1. The distance spectrum estimation technology requires fast Fourier transform (FFT) on the filtered displacement signal. Through the peaks of the heart rate and respiratory frequency in the FFT distance spectrum, the heart rate and respiratory frequency can be estimated separately. Figure 3 shows the frequency estimation of vital signs using the distance spectrum analysis method.
2. Estimate the respiratory frequency and heart rate by statistically filtering the peak value in the time-domain displacement signal. Figure 4 estimates the frequency of vital signs by performing peak statistics on filtered time-domain data. The red triangle represents the peak value detected in the heartbeat signal window.
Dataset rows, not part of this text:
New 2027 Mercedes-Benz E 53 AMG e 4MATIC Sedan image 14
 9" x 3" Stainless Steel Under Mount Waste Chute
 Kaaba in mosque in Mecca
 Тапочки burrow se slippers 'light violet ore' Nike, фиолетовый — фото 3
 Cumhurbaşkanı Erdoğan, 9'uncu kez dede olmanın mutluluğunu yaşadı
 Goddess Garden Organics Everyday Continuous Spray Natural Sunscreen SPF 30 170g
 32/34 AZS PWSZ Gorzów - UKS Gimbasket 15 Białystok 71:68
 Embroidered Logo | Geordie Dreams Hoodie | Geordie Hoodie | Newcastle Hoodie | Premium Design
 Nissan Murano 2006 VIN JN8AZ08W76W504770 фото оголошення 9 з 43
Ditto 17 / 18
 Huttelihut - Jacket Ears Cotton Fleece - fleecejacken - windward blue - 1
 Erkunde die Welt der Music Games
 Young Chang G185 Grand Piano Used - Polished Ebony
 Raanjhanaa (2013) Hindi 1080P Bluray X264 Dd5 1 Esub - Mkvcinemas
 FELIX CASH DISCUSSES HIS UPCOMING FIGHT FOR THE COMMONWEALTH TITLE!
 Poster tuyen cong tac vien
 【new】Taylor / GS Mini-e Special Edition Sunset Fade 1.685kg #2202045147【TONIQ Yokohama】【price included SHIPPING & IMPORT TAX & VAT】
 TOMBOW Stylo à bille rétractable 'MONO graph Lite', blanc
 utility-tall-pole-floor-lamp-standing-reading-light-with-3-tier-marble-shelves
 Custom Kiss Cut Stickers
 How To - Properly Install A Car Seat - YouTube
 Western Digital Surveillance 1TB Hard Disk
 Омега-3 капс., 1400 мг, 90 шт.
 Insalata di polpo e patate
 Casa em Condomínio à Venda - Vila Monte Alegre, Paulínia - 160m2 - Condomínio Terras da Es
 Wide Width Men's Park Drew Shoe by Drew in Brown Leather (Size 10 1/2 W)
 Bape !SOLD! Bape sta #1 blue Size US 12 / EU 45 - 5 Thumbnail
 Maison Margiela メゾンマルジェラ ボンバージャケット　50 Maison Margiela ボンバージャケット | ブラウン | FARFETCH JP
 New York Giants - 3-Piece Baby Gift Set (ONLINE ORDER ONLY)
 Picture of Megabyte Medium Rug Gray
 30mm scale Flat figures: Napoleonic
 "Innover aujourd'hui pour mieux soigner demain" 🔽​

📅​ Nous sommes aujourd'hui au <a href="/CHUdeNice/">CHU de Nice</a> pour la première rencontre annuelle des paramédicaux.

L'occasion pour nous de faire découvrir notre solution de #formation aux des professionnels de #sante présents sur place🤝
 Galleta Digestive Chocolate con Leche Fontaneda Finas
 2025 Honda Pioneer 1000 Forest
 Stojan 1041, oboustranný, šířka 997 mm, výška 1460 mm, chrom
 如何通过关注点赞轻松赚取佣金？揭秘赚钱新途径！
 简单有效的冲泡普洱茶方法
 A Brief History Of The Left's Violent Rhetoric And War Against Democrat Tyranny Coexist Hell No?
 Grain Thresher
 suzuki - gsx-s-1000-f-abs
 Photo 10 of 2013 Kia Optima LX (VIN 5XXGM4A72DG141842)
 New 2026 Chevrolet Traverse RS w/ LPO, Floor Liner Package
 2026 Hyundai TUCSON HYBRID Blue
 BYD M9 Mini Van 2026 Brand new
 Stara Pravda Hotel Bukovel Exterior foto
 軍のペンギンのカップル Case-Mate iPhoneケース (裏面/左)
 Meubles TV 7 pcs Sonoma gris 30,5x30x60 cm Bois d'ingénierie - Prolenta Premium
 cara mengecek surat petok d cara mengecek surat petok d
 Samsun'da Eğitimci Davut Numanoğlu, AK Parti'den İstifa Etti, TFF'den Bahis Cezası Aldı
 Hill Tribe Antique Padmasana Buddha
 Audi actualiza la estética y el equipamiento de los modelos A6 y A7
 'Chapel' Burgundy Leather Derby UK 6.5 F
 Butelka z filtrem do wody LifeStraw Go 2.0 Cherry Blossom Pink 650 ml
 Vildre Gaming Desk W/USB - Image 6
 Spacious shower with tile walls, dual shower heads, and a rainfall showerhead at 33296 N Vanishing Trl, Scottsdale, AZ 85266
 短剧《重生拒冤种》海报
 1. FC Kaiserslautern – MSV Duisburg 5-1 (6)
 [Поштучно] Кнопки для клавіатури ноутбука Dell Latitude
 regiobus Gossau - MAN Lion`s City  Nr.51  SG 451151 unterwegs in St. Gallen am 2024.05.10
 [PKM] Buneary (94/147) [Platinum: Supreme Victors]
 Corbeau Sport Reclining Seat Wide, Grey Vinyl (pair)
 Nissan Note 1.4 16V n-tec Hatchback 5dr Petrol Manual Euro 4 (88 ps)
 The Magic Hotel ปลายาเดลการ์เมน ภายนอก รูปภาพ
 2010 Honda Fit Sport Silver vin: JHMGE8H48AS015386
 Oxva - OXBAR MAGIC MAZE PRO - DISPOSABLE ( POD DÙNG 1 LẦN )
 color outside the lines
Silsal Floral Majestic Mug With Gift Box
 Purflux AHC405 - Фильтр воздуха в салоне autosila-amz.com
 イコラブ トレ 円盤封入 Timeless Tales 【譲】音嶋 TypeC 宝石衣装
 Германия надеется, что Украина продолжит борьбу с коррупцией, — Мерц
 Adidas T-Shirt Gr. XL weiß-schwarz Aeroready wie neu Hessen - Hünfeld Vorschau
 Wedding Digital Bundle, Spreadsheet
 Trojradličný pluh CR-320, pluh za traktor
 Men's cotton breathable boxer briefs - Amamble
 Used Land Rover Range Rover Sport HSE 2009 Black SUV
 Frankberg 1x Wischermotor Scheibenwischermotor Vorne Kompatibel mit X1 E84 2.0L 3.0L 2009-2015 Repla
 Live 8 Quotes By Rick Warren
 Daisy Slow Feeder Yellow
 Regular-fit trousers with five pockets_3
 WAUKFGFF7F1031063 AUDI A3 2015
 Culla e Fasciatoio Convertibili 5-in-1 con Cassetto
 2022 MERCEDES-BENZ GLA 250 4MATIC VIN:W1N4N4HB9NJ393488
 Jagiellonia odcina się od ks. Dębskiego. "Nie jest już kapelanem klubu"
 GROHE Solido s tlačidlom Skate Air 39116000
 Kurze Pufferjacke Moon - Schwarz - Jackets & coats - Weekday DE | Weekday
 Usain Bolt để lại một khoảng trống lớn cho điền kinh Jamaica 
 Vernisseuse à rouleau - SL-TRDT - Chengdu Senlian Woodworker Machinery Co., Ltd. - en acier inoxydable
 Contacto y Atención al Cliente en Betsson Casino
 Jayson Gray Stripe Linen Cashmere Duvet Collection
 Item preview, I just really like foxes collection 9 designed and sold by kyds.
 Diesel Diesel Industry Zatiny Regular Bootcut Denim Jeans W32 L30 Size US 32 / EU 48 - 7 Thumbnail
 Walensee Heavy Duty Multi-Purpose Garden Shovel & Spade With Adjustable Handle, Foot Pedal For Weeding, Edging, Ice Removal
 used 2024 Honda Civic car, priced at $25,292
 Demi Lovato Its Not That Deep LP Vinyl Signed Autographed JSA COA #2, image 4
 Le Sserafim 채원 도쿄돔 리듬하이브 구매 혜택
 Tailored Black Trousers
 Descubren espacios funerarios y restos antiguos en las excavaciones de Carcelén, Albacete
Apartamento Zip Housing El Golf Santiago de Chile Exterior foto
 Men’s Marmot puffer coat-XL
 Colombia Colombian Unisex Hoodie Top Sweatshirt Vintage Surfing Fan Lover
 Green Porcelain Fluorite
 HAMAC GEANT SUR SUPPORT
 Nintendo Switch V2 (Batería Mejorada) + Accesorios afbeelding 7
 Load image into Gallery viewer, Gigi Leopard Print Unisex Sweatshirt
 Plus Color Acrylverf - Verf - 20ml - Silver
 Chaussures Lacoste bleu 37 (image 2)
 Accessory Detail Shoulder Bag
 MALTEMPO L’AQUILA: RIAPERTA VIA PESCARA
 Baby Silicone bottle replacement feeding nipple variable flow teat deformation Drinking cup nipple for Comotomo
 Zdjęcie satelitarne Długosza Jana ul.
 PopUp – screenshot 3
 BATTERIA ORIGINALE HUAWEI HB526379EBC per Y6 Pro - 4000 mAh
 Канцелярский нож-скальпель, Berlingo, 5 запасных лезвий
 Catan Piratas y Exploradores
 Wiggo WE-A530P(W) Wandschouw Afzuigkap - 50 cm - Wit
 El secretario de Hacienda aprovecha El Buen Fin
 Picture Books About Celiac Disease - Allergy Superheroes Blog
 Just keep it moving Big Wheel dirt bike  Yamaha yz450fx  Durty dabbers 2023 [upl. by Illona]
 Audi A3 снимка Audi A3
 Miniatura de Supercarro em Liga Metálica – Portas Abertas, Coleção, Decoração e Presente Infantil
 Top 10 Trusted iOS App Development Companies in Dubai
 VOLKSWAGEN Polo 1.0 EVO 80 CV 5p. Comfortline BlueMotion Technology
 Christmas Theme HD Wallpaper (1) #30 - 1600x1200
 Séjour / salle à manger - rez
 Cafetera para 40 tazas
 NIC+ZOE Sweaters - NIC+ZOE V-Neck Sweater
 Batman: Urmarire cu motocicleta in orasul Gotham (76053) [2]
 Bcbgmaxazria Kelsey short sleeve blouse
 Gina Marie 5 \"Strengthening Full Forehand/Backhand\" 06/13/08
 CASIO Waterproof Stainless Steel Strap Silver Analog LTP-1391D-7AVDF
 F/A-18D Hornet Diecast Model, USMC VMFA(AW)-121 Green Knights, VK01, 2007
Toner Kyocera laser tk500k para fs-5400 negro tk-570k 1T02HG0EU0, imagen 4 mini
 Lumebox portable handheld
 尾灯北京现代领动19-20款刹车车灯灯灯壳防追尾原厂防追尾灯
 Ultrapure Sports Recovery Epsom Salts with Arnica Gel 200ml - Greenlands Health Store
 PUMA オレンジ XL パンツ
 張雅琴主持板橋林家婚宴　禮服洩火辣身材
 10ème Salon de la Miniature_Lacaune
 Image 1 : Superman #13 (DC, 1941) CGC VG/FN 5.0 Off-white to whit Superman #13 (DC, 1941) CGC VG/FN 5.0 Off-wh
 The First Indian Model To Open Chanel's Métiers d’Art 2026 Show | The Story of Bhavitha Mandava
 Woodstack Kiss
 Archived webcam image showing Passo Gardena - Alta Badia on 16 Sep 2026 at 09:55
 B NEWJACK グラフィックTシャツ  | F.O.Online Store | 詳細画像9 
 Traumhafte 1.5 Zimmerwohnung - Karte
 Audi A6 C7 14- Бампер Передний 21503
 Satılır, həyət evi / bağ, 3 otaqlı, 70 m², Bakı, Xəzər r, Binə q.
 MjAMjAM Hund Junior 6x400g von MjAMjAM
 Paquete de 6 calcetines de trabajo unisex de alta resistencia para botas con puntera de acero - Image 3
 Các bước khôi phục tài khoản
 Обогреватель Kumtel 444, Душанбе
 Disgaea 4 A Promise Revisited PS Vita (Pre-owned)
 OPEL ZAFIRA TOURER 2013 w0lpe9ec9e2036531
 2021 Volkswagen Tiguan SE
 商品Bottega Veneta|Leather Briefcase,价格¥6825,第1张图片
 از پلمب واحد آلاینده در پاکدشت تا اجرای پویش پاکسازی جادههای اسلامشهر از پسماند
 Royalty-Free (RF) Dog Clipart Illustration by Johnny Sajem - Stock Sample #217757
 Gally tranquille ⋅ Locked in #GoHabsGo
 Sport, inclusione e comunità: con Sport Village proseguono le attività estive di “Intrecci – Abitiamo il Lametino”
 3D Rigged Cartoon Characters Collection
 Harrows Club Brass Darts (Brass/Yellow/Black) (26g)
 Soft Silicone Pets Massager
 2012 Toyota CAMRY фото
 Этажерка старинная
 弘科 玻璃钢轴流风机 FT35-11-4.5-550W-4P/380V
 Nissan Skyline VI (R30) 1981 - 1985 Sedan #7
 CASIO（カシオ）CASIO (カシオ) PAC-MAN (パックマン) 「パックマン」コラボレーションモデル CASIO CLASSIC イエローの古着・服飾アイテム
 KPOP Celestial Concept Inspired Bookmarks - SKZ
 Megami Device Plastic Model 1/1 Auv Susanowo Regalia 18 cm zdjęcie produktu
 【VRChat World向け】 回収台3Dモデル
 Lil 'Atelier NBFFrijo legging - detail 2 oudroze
Cockpit sensing is an emerging market, and it is expected to make strides with the introduction of local regulations. Radar is considered to be a highly potential technology that can be used to solve many problems including passive safety applications, such as stranded child detection and presence sensing. Innovative signal processing and deep learning technologies will bring the reliability of these applications to a higher level, so as to achieve a perfect balance between computational cost, the degree of information required for specific use cases, and system power consumption. In the future, the pcb multi-sensor fusion method should be able to create a more complete and reliable system by realizing sensor redundancy.